▸ Problem statement
Exact copies of all the lines below are wanted, without a single picture.

▸ Records supplied

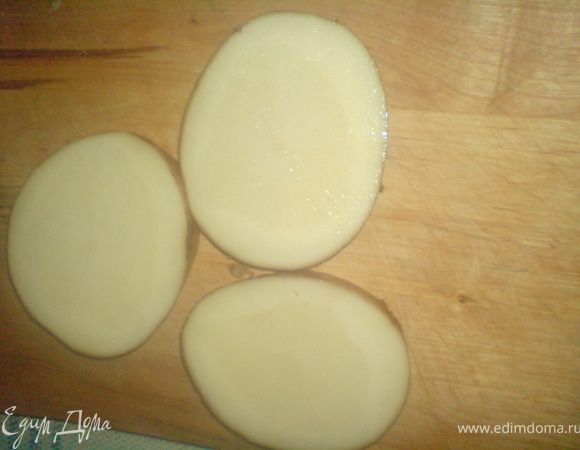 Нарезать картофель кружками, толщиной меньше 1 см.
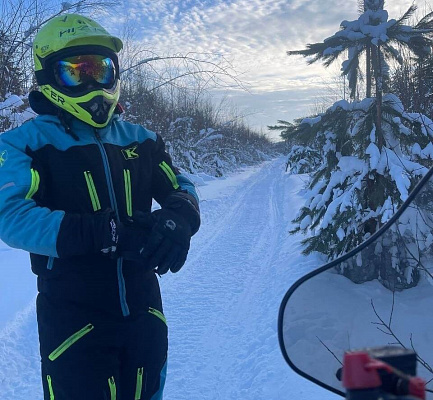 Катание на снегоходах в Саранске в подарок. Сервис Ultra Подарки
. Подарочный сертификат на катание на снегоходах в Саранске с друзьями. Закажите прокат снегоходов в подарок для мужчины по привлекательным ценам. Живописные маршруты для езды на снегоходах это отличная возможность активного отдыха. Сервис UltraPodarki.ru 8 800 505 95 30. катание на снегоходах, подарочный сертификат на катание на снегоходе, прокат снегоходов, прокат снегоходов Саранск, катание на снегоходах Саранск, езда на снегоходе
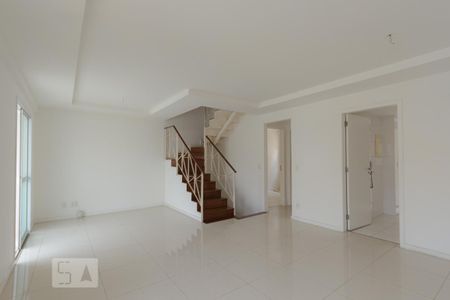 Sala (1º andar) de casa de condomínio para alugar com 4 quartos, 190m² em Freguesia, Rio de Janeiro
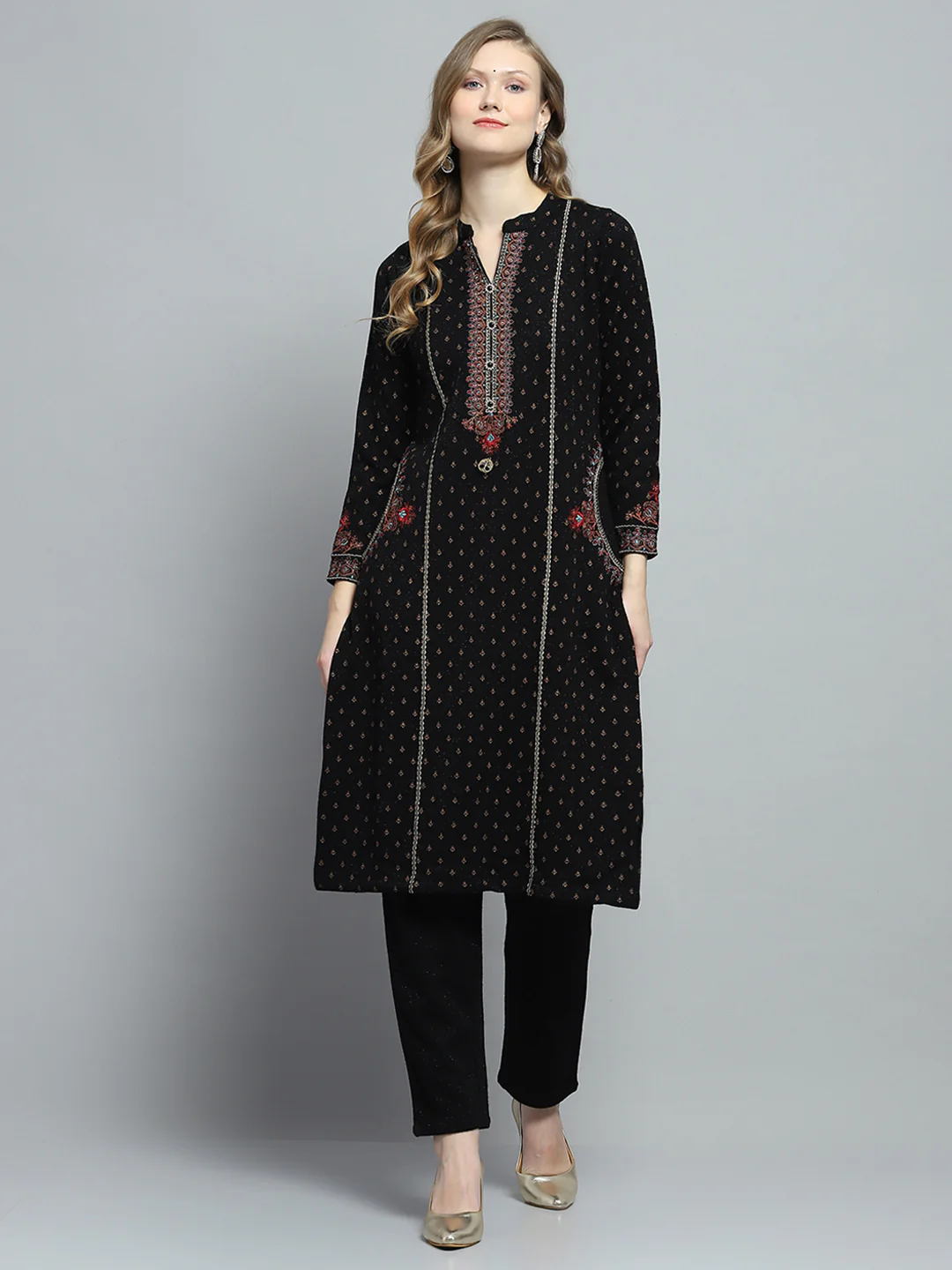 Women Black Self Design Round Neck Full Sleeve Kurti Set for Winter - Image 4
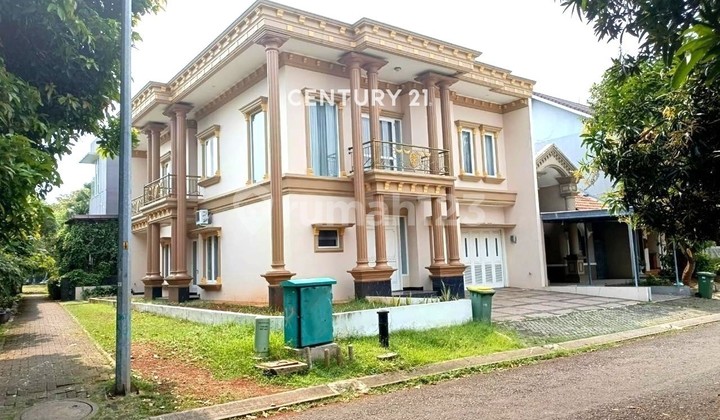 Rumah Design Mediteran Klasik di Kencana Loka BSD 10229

▸ Solution below
 Нарезать картофель кружками, толщиной меньше 1 см.
 Катание на снегоходах в Саранске в подарок. Сервис Ultra Подарки
. Подарочный сертификат на катание на снегоходах в Саранске с друзьями. Закажите прокат снегоходов в подарок для мужчины по привлекательным ценам. Живописные маршруты для езды на снегоходах это отличная возможность активного отдыха. Сервис UltraPodarki.ru 8 800 505 95 30. катание на снегоходах, подарочный сертификат на катание на снегоходе, прокат снегоходов, прокат снегоходов Саранск, катание на снегоходах Саранск, езда на снегоходе
 Sala (1º andar) de casa de condomínio para alugar com 4 quartos, 190m² em Freguesia, Rio de Janeiro
 Women Black Self Design Round Neck Full Sleeve Kurti Set for Winter - Image 4
 Rumah Design Mediteran Klasik di Kencana Loka BSD 10229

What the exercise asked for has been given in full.